No obstante, dentro de la categoría de reformas estructurales también caben muchas de las medidas propuestas por los que claman que para reforzar el crecimiento económico y reducir el desempleo hay que cambiar “el modelo productivo” (sic, otro de los mantras habituales).
El concepto de «modelo productivo» tampoco tiene una definición precisa en Economía. Los que lo utilizan parecen tener en mente algo relacionado con lo que produce una economía y cómo lo hace, o, dicho en otras palabras, con sus pautas de especialización. Estas dependen, en primer lugar, de la disponibilidad de factores de producción (trabajo de diferentes grados de cualificación, capital físico, capital tecnológico) y de las productividades relativas de dichos factores en usos alternativos.
Sin embargo, un país puede ser abundante en capital humano y tecnológico, pero no necesariamente alcanzar pautas de especialización en sectores tecnológicamente avanzados y de valor añadido elevado. Para que ello ocurra es también necesaria una regulación adecuada de los mercados (de productos, laboral y financieros). Por tanto, reformas estructurales que favorezcan la acumulación y la productividad de determinados factores productivos y que mejoren la regulación de los mercados son instrumentos fundamentales para conseguir el objetivo de “cambiar el modelo productivo”.
Las bases de una reforma de las reformas estructurales
Cabe situar el origen de la idea de que las reformas estructurales deben ser un componente fundamental de las políticas económicas en los principios de los años ochenta del siglo pasado, cuando los economistas llegaron a comprender (bien) el fenómeno de la estanflación y su relación con las restricciones de oferta agregada de la economía (ver, por ejemplo, aquí). Su formalización, en el caso de las reformas laborales, la hemos contado varias veces en estas páginas (la más reciente, aquí) y la referencia fundamental para entender la relación entre estas y las reformas del mercado de productos es un artículo de Olivier Blanchard y Francesco Giavazzi de principios de este siglo.
La evidencia empírica sobre reformas estructurales y sus efectos se ha acumulado muy rápidamente. Hoy en día tenemos disponibles varias bases de datos para catalogar y medir dichas reformas (por ejemplo, aquí, aquí, aquí y aquí). Y lo que sabemos es que se han hecho muchas, no siempre en la dirección correcta, en demasiadas ocasiones contradictorias entre sí, y pocas veces siguiendo un programa coherente dirigido a corregir definitivamente las causas de la disfuncionalidad de los mercados de trabajo, de productos y financieros. El resultado es que, tanto entre la opinión pública como en organismos económicos internacionales, existe bastante insatisfacción con la historia de las reformas estructurales. O dicho en términos shakesperianos, sobre reformas estructurales hay mucho ruido y pocas nueces (much ado about nothing).

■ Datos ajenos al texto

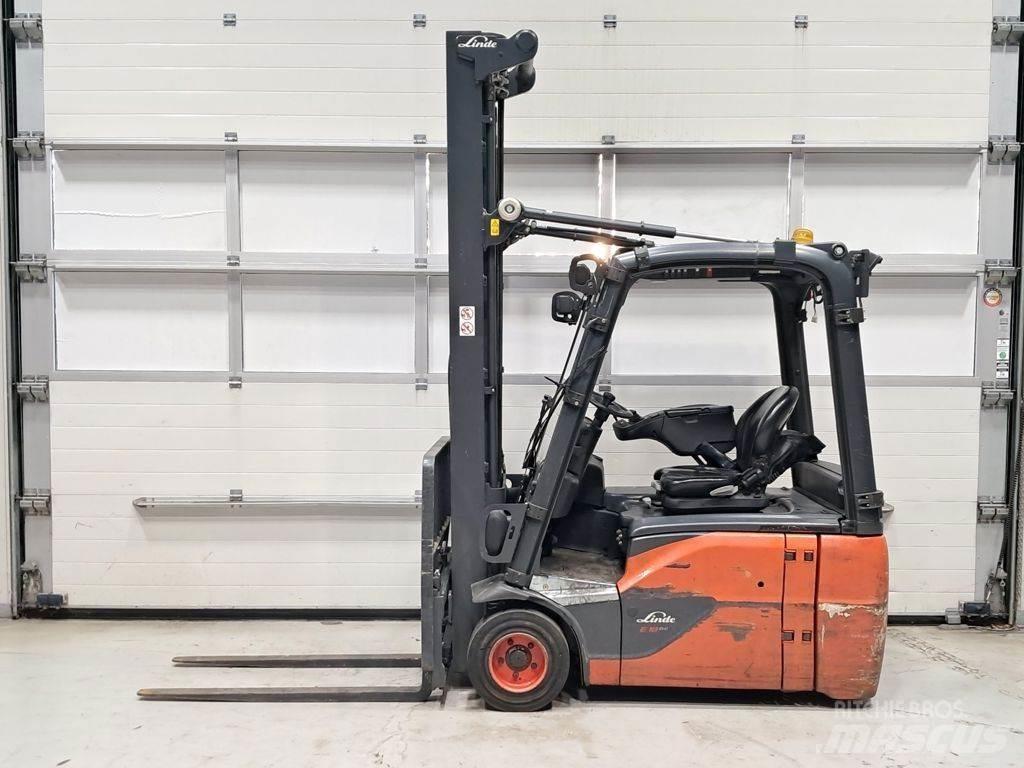 Linde E18-02 电动叉车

No obstante, esta insatisfacción no debe conducir a la melancolía y a la inacción. Sigue siendo evidente la necesidad de implementar medidas dirigidas a mejorar la oferta de bienes y servicios, bien haciendo que los mercados sean más competitivos y los precios más flexibles, o bien impulsando la productividad y su crecimiento. Este segundo objetivo es especialmente importante en el contexto económico actual y futuro, marcado por el envejecimiento de la población, en el cual el crecimiento de la productividad adquiere especial trascendencia.
Son, por tanto, necesarias una nueva agenda, nuevos horizontes, un nuevo empaquetado, una secuenciación más adecuada y una mejor gestión supranacional de las reformas estructurales. Estos son algunos principios generales que deberían tenerse en cuenta a tales fines:
1. En el pasado las reformas estructurales se dirigieron fundamentalmente a aumentar la flexibilidad de los mercados de trabajo y de productos. En su nueva formulación, deberían estar dirigidas prioritariamente a promover mecanismos que mejoren la productividad y su crecimiento.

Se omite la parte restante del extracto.